# EXERCISE GOAL:
Beginning with the line below that contains "Kit cama ancho montado en una Fiat Talento" and ending with the line that contains "Niño Fútbol Camiseta", copy every line exactly. Copy nothing else.
■ ■ ■ ■
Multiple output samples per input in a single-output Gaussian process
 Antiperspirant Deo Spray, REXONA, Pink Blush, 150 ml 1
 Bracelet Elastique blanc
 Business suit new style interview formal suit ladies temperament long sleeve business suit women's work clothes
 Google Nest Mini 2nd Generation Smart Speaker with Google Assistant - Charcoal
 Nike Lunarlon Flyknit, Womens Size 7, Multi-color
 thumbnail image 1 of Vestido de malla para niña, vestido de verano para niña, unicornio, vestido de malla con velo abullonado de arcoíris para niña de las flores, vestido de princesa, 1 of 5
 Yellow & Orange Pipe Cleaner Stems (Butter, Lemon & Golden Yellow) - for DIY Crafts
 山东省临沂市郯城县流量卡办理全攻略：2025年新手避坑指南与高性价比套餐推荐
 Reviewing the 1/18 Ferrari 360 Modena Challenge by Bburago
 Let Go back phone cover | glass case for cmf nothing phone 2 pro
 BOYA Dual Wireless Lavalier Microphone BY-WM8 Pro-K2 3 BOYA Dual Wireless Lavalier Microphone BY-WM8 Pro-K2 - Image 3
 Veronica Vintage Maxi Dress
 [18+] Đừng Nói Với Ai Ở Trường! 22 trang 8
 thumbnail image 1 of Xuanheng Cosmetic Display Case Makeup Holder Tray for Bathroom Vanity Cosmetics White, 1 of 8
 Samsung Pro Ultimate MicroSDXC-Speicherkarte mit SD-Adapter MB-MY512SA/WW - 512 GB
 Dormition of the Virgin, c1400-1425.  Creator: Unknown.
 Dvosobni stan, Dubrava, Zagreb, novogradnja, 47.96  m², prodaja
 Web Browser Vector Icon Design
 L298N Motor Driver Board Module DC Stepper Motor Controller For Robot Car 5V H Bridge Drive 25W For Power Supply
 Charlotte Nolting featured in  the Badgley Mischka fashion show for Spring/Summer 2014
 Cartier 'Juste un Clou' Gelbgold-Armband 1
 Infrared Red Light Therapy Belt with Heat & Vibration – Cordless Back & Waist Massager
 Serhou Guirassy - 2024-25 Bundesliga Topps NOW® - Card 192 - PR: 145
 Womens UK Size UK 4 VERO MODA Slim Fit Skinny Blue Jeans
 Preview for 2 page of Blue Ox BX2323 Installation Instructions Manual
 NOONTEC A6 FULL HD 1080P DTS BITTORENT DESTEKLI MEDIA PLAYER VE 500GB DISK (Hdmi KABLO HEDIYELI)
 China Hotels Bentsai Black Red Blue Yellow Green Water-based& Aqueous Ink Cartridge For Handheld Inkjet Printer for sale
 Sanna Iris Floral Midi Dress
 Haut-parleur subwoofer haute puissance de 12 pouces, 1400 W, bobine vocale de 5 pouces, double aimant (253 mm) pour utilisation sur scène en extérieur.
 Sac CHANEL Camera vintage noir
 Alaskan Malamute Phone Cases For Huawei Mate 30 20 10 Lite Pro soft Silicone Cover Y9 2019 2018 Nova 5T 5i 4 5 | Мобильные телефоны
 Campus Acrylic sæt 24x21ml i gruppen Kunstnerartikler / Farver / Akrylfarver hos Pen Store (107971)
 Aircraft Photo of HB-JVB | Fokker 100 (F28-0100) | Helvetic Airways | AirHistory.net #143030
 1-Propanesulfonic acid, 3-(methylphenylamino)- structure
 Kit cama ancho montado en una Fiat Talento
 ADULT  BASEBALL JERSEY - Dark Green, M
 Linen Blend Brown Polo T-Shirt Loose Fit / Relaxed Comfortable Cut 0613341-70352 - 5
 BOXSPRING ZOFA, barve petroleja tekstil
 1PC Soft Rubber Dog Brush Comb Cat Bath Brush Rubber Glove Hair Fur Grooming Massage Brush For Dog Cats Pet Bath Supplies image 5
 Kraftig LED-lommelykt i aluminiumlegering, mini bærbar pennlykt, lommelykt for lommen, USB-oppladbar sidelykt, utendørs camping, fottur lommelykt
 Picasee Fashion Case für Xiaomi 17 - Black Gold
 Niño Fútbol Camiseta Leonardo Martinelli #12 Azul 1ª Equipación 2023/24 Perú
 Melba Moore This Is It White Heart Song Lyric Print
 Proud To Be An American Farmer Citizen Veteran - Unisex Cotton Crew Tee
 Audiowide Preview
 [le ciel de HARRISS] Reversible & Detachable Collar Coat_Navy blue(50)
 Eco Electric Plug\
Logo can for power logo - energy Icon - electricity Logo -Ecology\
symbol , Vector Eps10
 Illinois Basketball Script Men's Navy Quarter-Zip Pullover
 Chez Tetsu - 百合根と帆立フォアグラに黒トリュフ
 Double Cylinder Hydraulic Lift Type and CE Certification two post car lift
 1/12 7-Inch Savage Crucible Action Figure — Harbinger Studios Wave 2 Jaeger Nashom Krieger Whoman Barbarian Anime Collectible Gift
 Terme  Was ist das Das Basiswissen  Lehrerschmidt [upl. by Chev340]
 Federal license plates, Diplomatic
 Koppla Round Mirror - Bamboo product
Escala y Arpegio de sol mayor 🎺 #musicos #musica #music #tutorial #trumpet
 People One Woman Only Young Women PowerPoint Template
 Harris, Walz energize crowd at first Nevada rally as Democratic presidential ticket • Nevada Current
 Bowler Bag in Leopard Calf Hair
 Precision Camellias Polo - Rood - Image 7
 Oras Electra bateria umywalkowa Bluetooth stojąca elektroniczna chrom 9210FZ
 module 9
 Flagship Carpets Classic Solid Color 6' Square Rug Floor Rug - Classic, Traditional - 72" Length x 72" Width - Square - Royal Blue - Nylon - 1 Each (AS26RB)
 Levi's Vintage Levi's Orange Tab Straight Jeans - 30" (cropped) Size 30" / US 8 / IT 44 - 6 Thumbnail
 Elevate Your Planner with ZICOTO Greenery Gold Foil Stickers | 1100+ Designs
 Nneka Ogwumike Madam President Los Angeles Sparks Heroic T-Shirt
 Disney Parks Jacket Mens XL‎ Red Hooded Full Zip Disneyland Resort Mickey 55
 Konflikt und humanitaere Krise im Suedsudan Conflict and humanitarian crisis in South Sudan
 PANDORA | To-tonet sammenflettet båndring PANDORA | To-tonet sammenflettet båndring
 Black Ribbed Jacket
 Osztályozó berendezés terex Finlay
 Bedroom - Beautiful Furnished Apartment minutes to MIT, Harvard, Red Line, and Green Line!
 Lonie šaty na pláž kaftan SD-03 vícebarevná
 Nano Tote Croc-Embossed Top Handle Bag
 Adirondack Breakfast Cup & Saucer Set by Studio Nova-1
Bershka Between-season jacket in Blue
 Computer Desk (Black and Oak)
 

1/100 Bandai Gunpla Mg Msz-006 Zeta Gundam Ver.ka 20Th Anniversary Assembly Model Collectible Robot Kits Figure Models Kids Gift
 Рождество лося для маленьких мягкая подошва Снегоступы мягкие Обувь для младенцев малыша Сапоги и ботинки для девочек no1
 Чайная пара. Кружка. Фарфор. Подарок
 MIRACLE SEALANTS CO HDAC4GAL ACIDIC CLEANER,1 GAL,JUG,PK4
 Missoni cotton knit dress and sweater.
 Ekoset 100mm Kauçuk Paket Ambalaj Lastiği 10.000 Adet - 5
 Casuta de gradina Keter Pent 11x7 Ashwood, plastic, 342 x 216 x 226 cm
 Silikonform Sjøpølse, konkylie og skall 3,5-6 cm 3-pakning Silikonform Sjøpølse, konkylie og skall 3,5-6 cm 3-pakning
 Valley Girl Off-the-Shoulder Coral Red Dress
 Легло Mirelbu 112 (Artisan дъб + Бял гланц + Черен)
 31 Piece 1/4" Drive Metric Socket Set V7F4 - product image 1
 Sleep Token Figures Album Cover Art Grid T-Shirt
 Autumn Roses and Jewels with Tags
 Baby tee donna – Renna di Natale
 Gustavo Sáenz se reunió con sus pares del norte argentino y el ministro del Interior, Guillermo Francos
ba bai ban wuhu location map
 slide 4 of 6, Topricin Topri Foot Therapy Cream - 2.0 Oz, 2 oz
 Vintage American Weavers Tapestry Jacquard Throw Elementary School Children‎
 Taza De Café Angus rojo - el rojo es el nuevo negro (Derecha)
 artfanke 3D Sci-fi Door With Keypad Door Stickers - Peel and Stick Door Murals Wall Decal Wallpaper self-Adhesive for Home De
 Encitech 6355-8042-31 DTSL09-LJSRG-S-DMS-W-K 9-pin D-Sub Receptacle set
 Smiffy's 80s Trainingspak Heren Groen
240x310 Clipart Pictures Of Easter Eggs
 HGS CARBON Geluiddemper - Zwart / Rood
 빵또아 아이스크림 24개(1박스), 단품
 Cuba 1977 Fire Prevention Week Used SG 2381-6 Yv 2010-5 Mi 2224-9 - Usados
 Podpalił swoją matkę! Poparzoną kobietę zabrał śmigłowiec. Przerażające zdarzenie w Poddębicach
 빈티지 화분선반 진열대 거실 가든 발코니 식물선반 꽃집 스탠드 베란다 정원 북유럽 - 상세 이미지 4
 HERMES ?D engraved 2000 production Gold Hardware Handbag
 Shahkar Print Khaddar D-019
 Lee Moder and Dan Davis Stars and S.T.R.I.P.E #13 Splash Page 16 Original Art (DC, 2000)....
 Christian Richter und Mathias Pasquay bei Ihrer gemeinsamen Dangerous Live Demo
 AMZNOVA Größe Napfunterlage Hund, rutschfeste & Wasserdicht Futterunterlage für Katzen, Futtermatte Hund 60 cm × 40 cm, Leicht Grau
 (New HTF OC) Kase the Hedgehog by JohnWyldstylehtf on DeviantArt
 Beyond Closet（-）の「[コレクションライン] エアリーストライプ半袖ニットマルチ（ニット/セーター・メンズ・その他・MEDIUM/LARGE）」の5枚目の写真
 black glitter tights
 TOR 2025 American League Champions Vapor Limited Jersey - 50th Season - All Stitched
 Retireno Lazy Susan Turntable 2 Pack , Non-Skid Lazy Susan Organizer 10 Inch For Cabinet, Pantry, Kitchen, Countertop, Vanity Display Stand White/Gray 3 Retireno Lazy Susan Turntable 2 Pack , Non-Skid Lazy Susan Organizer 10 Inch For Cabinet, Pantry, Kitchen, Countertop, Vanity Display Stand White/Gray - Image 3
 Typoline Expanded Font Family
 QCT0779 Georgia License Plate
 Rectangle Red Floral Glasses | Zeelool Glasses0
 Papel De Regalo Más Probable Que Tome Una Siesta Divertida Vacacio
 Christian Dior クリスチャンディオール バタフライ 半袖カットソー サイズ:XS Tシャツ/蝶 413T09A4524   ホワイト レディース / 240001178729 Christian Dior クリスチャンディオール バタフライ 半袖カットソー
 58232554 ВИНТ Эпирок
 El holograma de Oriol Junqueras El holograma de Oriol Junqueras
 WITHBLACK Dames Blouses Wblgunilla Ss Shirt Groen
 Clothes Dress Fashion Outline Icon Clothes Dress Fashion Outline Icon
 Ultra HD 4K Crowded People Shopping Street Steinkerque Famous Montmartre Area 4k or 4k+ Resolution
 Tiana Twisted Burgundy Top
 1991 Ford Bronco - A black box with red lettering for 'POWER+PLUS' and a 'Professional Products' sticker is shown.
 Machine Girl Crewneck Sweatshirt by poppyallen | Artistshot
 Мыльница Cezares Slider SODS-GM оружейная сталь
■ ■ ■ ■
# TASK SOLUTION:
 Kit cama ancho montado en una Fiat Talento
 ADULT  BASEBALL JERSEY - Dark Green, M
 Linen Blend Brown Polo T-Shirt Loose Fit / Relaxed Comfortable Cut 0613341-70352 - 5
 BOXSPRING ZOFA, barve petroleja tekstil
 1PC Soft Rubber Dog Brush Comb Cat Bath Brush Rubber Glove Hair Fur Grooming Massage Brush For Dog Cats Pet Bath Supplies image 5
 Kraftig LED-lommelykt i aluminiumlegering, mini bærbar pennlykt, lommelykt for lommen, USB-oppladbar sidelykt, utendørs camping, fottur lommelykt
 Picasee Fashion Case für Xiaomi 17 - Black Gold
 Niño Fútbol Camiseta Leonardo Martinelli #12 Azul 1ª Equipación 2023/24 Perú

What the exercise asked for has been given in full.